It took me about 30 mins to buff the bonnet buffing a 30cm x 30cm area at a time.

I used a rotary buffer with a medium density foam pad with farecla G3

then switched to a soft density finishing pad with 3M finnesse

then applied 2 coats of NXT wax by hand, wiping it off with microfibre cloth.

Notice that i removed the wiper washer's so they wouldnt get in the way.


all up the job took about hr and 15 mins. The spots were really bad, they had actually etched the clearcoat so i probably buffed half the clear off the paint just to remove them lol.


These pics were taken with direct sunlight on them...the paint is so shiny its hard to tell that there is sunlight on it!
http://img382.imageshack.us/img382/76/19fr.jpg (http://imageshack.us/)

http://img382.imageshack.us/img382/1465/23ci.jpg (http://imageshack.us/)

http://img382.imageshack.us/img382/9639/30xk.jpg (http://imageshack.us/)

http://img382.imageshack.us/img382/2751/41ic.jpg (http://imageshack.us/)

http://img382.imageshack.us/img382/6281/62vj.jpg (http://imageshack.us/)


these 2 are just after i finished under fluro lights.

http://img382.imageshack.us/img382/8254/74kt.jpg (http://imageshack.us/)

http://img382.imageshack.us/img382/7788/81ww.jpg (http://imageshack.us/)

**Ghost**
16-09-2005, 03:06 AM
h22aaccord... thats reallly focking shiny mate good job

just thought i'd come back and recommend 2 products

1. Kitten Polish/Wax

this is a littel bottle of magic.

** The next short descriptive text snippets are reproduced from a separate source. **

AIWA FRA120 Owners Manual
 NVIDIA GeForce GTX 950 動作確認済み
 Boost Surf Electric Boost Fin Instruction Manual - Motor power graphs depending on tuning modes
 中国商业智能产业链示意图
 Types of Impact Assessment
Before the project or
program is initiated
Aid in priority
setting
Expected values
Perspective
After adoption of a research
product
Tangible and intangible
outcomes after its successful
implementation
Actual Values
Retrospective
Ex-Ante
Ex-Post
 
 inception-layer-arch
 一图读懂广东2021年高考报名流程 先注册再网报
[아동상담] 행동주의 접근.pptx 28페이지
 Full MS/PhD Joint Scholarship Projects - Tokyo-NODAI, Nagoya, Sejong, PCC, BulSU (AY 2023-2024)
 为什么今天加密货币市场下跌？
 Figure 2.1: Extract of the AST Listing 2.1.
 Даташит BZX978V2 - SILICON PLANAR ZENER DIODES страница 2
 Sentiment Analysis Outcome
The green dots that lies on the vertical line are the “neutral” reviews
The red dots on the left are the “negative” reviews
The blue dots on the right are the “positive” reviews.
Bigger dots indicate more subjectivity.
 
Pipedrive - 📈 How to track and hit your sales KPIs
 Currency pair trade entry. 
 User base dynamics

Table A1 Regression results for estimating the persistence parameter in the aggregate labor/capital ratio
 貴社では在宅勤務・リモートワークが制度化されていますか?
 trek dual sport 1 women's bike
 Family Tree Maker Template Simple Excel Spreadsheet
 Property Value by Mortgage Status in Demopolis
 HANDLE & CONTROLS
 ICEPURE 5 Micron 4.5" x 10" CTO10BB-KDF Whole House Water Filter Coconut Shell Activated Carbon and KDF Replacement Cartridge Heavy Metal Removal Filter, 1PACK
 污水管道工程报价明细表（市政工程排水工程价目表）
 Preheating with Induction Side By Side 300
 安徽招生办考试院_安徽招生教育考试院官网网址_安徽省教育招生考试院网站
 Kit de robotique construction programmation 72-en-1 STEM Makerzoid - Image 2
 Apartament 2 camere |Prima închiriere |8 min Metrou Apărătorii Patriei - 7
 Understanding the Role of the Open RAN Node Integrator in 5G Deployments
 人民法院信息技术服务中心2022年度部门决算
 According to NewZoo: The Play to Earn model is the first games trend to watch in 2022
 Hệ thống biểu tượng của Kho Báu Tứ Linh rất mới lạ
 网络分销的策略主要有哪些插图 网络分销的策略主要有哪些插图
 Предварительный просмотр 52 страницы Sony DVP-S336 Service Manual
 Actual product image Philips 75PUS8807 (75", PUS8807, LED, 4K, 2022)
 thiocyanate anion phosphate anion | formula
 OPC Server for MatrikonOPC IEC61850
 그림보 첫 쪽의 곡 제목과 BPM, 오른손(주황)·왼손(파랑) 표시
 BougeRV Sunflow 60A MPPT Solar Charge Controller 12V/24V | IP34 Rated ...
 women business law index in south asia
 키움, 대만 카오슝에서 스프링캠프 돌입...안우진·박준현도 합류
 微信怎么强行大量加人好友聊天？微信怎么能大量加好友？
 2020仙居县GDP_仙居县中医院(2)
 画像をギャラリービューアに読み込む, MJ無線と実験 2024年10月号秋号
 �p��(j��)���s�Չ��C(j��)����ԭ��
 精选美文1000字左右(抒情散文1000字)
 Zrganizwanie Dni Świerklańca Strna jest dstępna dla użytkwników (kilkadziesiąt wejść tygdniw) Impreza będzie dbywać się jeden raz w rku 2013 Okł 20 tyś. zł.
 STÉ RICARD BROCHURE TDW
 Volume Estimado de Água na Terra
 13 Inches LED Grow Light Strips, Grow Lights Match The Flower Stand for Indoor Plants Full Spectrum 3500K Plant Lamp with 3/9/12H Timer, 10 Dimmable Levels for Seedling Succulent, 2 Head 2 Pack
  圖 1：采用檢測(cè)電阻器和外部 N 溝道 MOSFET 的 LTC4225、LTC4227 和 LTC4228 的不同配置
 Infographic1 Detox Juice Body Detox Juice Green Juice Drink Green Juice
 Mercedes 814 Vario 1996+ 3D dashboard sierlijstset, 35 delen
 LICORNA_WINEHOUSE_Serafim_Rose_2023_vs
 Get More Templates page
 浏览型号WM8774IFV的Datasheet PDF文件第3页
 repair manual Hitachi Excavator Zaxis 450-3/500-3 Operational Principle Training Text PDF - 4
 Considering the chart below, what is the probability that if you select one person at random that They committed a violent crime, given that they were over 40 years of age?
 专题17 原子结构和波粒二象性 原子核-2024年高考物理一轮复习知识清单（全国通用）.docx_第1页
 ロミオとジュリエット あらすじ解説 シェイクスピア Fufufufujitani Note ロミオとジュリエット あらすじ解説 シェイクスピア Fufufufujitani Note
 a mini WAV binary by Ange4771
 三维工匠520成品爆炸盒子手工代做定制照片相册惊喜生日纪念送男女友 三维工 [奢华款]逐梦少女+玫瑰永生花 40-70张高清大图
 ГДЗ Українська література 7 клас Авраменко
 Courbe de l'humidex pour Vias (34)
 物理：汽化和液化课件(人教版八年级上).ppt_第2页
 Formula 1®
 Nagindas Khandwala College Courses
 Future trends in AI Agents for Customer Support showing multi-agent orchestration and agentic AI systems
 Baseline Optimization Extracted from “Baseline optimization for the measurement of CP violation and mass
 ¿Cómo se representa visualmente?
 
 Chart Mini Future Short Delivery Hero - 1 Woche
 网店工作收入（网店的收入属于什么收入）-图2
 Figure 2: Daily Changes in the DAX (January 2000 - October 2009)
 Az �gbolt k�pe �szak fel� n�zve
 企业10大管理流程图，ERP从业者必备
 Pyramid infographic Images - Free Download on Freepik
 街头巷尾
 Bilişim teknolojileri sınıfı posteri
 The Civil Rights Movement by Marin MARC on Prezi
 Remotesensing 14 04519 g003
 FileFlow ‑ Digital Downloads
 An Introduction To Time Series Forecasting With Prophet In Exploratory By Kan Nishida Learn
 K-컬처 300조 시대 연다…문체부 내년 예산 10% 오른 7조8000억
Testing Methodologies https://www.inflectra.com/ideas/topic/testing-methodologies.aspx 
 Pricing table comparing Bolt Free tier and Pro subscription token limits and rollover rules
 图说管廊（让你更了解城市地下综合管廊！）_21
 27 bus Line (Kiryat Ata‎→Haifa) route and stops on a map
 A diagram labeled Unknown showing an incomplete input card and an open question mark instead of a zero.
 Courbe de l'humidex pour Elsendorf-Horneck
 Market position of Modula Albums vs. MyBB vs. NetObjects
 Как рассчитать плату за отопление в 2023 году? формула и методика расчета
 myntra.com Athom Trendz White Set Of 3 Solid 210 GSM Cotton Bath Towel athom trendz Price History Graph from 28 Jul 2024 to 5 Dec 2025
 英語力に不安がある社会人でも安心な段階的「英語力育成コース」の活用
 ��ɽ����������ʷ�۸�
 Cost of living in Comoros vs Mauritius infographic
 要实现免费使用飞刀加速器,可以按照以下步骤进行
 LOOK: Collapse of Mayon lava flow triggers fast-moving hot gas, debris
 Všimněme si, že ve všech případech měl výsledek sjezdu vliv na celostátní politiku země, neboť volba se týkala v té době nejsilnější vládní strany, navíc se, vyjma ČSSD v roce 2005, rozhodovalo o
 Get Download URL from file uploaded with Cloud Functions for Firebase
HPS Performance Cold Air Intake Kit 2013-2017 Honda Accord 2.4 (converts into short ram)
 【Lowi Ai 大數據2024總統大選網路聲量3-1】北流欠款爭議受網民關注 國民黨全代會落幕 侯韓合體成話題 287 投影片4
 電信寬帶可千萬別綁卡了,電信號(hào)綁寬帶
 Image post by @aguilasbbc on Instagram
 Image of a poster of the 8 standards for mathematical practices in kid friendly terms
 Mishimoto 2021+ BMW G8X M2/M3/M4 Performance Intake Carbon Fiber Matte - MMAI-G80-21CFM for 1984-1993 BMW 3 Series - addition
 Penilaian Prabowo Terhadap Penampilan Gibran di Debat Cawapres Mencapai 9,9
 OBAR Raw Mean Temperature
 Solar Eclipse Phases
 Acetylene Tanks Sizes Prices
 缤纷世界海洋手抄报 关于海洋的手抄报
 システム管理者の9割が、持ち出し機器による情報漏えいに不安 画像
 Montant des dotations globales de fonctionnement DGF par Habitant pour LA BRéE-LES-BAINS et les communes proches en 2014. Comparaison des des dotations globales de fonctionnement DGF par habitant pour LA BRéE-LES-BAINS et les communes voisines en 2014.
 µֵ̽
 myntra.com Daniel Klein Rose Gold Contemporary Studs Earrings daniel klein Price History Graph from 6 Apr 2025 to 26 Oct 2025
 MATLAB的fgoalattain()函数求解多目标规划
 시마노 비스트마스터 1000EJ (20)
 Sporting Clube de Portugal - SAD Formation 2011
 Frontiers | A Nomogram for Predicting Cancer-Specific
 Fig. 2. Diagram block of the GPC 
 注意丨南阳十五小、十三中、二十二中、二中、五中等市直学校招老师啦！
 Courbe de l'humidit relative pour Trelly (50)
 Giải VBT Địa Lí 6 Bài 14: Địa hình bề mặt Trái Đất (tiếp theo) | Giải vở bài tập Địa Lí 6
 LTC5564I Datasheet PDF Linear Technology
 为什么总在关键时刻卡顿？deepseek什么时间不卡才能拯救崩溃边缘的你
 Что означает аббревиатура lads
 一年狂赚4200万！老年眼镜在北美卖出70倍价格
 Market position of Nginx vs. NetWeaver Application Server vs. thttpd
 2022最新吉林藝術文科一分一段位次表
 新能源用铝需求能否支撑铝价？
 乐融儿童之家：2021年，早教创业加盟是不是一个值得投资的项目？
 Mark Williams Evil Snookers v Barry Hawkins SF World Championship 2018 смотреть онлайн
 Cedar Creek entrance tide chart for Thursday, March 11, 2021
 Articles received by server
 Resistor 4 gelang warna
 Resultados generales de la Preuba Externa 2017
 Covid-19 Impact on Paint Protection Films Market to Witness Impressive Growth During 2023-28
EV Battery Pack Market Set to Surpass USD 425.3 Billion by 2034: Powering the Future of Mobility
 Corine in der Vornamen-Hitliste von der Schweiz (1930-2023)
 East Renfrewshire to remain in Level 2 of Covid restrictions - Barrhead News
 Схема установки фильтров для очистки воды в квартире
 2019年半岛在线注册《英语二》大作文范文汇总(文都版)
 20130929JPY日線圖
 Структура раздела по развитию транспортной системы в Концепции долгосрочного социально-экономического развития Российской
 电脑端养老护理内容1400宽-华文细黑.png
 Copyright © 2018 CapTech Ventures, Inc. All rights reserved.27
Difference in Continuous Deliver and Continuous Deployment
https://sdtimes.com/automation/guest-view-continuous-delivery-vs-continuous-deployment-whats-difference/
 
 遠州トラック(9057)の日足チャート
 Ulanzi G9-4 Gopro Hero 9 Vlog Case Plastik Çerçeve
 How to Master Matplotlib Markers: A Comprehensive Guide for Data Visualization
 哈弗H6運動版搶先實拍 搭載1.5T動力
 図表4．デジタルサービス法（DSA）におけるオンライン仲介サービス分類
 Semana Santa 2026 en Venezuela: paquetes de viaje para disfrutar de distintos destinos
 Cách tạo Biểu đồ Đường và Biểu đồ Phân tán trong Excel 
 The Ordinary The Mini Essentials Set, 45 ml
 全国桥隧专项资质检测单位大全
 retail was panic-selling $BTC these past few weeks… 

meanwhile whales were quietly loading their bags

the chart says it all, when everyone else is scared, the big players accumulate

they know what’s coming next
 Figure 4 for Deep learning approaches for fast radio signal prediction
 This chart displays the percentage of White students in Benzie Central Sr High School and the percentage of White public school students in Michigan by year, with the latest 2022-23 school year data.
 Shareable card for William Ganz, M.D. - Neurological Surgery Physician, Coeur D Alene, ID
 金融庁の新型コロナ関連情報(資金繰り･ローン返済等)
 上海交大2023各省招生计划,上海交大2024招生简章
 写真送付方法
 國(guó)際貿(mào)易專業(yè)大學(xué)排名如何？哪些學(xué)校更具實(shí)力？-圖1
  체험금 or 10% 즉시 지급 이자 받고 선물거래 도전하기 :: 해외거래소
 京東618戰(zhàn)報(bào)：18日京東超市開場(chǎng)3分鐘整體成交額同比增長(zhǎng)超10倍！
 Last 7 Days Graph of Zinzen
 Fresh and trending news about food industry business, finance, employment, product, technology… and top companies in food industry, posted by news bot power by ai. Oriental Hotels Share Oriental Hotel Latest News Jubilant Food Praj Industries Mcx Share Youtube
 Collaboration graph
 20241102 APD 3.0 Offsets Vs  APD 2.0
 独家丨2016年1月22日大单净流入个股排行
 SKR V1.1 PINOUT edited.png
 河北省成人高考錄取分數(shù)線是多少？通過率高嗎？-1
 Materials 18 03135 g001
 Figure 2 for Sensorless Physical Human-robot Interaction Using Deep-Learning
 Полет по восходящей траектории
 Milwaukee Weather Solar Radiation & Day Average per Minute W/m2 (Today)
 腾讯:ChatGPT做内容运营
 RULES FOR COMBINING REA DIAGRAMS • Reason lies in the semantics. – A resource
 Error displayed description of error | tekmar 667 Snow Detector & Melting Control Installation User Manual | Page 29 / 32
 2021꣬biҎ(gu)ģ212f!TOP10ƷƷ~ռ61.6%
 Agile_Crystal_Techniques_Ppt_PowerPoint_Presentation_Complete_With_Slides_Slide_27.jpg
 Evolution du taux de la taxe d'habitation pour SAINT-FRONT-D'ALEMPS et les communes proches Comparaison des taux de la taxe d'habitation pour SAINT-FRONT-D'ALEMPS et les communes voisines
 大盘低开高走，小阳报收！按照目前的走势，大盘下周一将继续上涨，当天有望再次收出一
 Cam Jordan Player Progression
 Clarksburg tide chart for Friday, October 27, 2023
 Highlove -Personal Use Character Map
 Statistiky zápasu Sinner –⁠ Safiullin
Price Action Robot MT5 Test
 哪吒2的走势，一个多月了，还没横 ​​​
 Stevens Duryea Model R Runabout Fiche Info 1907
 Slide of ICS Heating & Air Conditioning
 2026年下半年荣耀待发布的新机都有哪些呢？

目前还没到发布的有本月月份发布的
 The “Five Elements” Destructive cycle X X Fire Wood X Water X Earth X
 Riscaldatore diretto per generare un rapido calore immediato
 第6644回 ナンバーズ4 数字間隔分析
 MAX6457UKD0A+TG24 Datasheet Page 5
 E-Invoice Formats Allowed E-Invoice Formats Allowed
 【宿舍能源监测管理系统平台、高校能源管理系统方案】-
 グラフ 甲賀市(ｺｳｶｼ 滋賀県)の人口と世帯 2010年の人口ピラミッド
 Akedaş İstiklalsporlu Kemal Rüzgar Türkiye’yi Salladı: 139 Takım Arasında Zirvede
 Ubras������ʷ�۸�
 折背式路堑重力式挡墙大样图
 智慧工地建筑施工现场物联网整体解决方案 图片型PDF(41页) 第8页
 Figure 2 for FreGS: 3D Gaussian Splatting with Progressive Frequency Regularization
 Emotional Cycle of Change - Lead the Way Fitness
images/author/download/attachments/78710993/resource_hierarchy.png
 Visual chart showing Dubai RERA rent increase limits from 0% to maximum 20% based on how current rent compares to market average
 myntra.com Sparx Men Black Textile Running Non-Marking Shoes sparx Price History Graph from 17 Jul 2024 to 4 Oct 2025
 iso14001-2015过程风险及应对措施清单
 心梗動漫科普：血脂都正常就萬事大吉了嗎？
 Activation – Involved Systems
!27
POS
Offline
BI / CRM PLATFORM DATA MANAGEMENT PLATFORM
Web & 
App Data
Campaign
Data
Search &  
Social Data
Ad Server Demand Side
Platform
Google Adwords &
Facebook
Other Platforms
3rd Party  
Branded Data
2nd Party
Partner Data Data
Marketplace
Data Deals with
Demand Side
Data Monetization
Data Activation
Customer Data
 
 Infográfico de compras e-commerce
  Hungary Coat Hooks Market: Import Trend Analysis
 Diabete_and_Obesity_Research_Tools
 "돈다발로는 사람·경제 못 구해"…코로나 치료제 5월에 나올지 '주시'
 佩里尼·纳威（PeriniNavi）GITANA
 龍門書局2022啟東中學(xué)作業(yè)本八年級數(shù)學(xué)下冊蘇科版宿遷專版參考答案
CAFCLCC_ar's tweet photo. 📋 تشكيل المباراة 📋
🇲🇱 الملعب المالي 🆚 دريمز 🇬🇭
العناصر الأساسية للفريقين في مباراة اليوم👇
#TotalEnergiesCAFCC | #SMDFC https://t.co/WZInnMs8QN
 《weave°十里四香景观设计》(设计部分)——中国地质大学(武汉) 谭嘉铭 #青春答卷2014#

I know for a fact that its nowhere near as good as NXT or other premium products. But for a $9 bottle that doesnt require you to get out the electric buffer this thing is magic

2. Citrus magic plastic moisteriser (i'll get the proper name tomorrow)

I went crazy with this today. I was a bit dubious at first as it sed u can use it to gloss and protect both interior and exterior plastics + TYRES as well... but neway i decided to try

EXCELLENT RESULT... i sprayed it on all exterior plastics, the handbrake plastics, the tyres and wiped a small amount on the dash. Plastics are completely "soft", moisterised, without being oily and definitely shiney... will recommend to everyone...bargain at $15 a can

aaronng
16-09-2005, 01:58 PM
That citrus magic sounds interesting!

**Ghost**
16-09-2005, 03:17 PM
its called

Pyroil Citrus Plastics

its weird cos it has a pic of a tyre on it, but if u read the instructions its actually for all plastics, tyres, interior, trips

aaronng
16-09-2005, 03:25 PM
Where did you buy it from? The regular haunts at supercheap, repco, autobarn, autoone and BigW?

**Ghost**
16-09-2005, 03:30 PM
yeps!

aaronng
16-09-2005, 04:42 PM
Cool. Thanks!

fudge04au
18-09-2005, 07:06 AM
i was told truck wash is very good...if anyones heard of it, its used for most semi trailers/trucks etc , and duz a greater job then most the others.....
I think its called CT18

blubber
18-09-2005, 09:44 AM
Hey Flanderz good advice! I was going to get a guy to detail for me, now I might just try myself!

ToFuBoi
30-10-2005, 02:18 PM
great work flanderz and aaronng!!!

any tips on how to polish rims? products to use etc?

cheers!

aaronng
30-10-2005, 02:22 PM
Are your rims clearcoated or exposed metal?

ToFuBoi
30-10-2005, 09:02 PM
exposed metal

aaronng
30-10-2005, 10:03 PM
If it is very dull or oxidised, go for a nice metal polish suitable for the rim material. Usually it's either aluminium or magnesium alloy. I use Autosol for my polishing needs (on stainless steel). Read up on www.autopia.org a bit on uncoated rims. Those guys have a lot of info. I can't tell you absolutely what to do as my rims are clearcoated.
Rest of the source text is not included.